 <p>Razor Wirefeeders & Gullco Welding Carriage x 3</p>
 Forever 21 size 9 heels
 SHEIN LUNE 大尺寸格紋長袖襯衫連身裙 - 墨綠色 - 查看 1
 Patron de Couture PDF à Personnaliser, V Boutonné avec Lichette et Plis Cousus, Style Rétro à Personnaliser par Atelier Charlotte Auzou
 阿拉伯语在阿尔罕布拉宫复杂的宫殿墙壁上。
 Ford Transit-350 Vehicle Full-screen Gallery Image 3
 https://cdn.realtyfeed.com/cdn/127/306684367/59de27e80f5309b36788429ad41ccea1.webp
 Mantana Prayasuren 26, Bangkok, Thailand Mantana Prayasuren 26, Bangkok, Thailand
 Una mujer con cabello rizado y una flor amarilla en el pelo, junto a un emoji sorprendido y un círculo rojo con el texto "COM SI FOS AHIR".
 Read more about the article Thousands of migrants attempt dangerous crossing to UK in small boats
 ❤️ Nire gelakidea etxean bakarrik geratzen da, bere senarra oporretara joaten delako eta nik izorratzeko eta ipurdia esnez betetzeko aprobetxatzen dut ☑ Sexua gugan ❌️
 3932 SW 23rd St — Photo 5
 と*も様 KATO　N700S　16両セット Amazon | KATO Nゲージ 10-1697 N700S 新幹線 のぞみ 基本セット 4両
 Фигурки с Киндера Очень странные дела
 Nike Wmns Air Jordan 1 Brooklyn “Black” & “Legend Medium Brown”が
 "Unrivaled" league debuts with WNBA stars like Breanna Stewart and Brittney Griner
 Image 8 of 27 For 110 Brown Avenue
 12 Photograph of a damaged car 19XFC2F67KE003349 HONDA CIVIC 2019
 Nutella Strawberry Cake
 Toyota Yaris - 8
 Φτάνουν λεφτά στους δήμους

■ **WHAT TO PRODUCE**:
Every entry should be output exactly as written, please.

■ **SOLUTION TO THIS TASK**:
 <p>Razor Wirefeeders & Gullco Welding Carriage x 3</p>
 Forever 21 size 9 heels
 SHEIN LUNE 大尺寸格紋長袖襯衫連身裙 - 墨綠色 - 查看 1
 Patron de Couture PDF à Personnaliser, V Boutonné avec Lichette et Plis Cousus, Style Rétro à Personnaliser par Atelier Charlotte Auzou
 阿拉伯语在阿尔罕布拉宫复杂的宫殿墙壁上。
 Ford Transit-350 Vehicle Full-screen Gallery Image 3
 https://cdn.realtyfeed.com/cdn/127/306684367/59de27e80f5309b36788429ad41ccea1.webp
 Mantana Prayasuren 26, Bangkok, Thailand Mantana Prayasuren 26, Bangkok, Thailand
 Una mujer con cabello rizado y una flor amarilla en el pelo, junto a un emoji sorprendido y un círculo rojo con el texto "COM SI FOS AHIR".
 Read more about the article Thousands of migrants attempt dangerous crossing to UK in small boats
 ❤️ Nire gelakidea etxean bakarrik geratzen da, bere senarra oporretara joaten delako eta nik izorratzeko eta ipurdia esnez betetzeko aprobetxatzen dut ☑ Sexua gugan ❌️
 3932 SW 23rd St — Photo 5
 と*も様 KATO　N700S　16両セット Amazon | KATO Nゲージ 10-1697 N700S 新幹線 のぞみ 基本セット 4両
 Фигурки с Киндера Очень странные дела
 Nike Wmns Air Jordan 1 Brooklyn “Black” & “Legend Medium Brown”が
 "Unrivaled" league debuts with WNBA stars like Breanna Stewart and Brittney Griner
 Image 8 of 27 For 110 Brown Avenue
 12 Photograph of a damaged car 19XFC2F67KE003349 HONDA CIVIC 2019
 Nutella Strawberry Cake
 Toyota Yaris - 8
 Φτάνουν λεφτά στους δήμους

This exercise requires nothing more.